Jorge Arriagada : Je suis arrivé en France en 1966 où j'ai fini mes études de musique avec une bourse, et je rencontre Raoul lorsqu'il a été récompensé au Festival de Locarno en 68/69. On se retrouve à Paris, puis à Berlin, puis on fait un premier travail, COLLOQUE DE CHIENS, en 1977.
C'est quelqu'un qui vient de l'art contemporain, l'abstraction de ses films le démontre. A mon avis, ce qui l'intéressait chez moi, c'est que je venais de la musique contemporaine, avec Pierre Schaeffer notamment, et je pense que c'est ce côté contemporain qui l'intéresse.
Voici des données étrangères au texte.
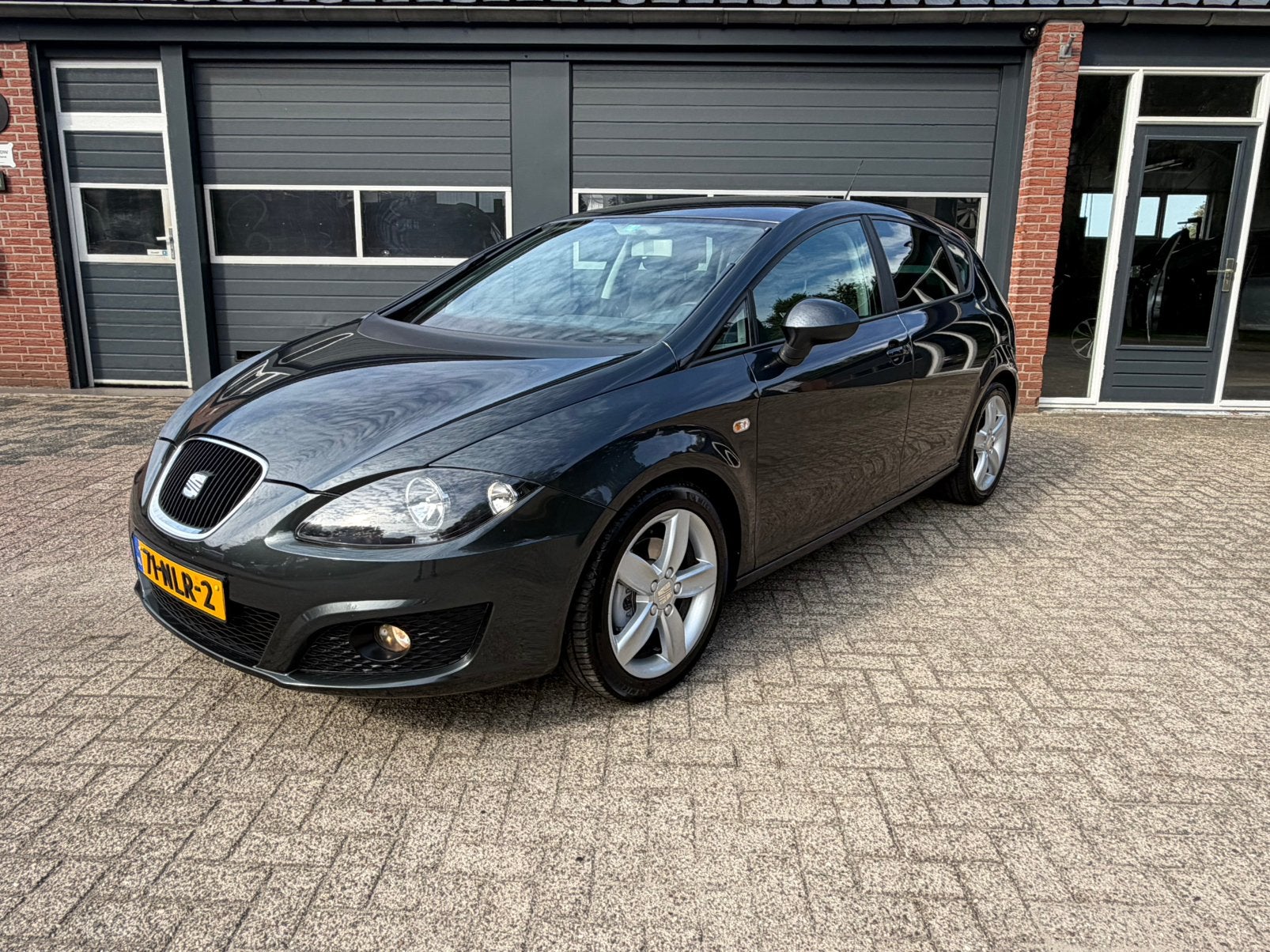 Seat Leon 1.4 TSI STYLE 92KW 2010 Grijs 17”|TREKHAAK|CRUISE, Zwart, 4 cilinders, Leon, Traction-control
Avec lui, je n'ai jamais réellement lu de scénarios. Raoul n'écrivait pas de scénarios, il inventait sur le tournage. Avec LE TEMPS RETROUVE, il y a Proust, et pour KLIMT il y a Klimt, mais sinon c'était de l'improvisation. On avait des références communes avec la musique classique, mais jamais avec de la musique de film. Dans LE TERRITOIRE, il voulait que je commence par la symphonie des psaumes de Stravinsky, mais après je partais où je voulais. C'était un départ, jamais l'arrivée.
Pour LE TEMPS RETROUVE et LE TERRITOIRE, j'ai composé la musique avant d'avoir vu les images. On parlait entre nous et il a toujours accepté ce que je faisais, il tournait même en fonction de ma musique. C'était très spécial. Il voulait la musique avant le montage. Il fallait monter le film avec la musique. C'était différent avec Barbet Schroeder qui est très précis.
La seule chose que Raoul ne savait pas bien faire, c'était composer la musique. Il savait faire tout le reste et heureusement pour moi, sinon je n'aurais pas eu le boulot. On était tous les deux chiliens, avec deux ans d'écart et pendant 46 films, en 35 ans on a travaillé ensemble, donc on pouvait tout se permettre.
Je ne fais pas une musique de film avec Raoul Ruiz, je fais une musique. Il ne me demandait jamais de musique de film, il en avait horreur.
Il n' a jamais tourné une scène de sexe, il avait horreur de ça, il était très pudique. Il me disait que c'était moi qui faisais le sexe, mais musicalement, ce que je ne sais pas le faire. Dans la vie peut-être, mais dans la musique je ne sais pas faire. Il m'a dit d'imaginer des choses, complètement surréalistes. C'était vraiment un cinéaste surréaliste.
Un jour, je lui ai dit que personnellement, ce qui me fascinait le plus était ses images, mais que son discours, ses blagues, je ne les trouvais pas très drôles. Et il m'a répondu que c'était peut-être pour ça que personne ne riait dans ses films.
Dans LA NUIT D'EN FACE, tout est chilien. Mais pour la musique, Raoul avait horreur du folklore. Dans cette partition, il y a la flûte, la clarinette, la harpe, le violon, l'alto, et le violoncelle. Mais il y a de l'ampleur parce que c'est énergique. L'agressivité donne de la grandeur dans la musique, du volume, et c'est pour cela que ça paraît plus grand, c'est dans l'écriture.